Data excerpts:

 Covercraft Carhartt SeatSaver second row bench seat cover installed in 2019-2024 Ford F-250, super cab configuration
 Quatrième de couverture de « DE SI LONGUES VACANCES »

...

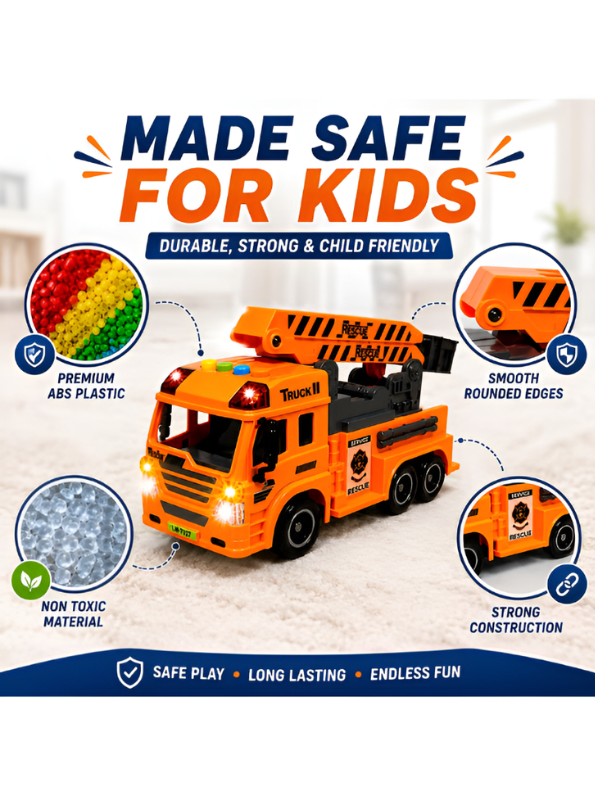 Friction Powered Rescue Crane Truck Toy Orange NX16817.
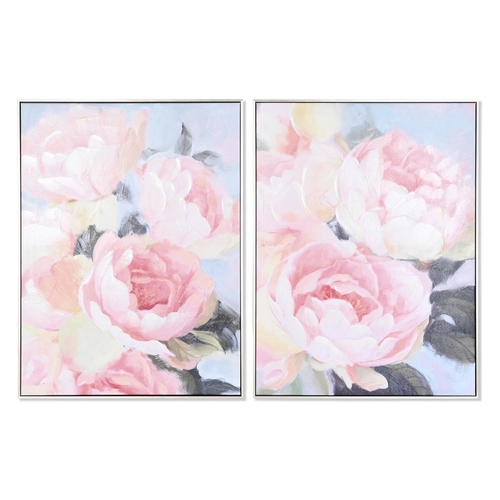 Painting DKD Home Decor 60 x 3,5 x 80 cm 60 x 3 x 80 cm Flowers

What needs to be done:
Look above for the line holding "Covercraft Carhartt SeatSaver", then set down exactly that line and every line after it up to and including the line holding "Quatrième de couverture", with nothing else.

Response:
 Covercraft Carhartt SeatSaver second row bench seat cover installed in 2019-2024 Ford F-250, super cab configuration
 Quatrième de couverture de « DE SI LONGUES VACANCES »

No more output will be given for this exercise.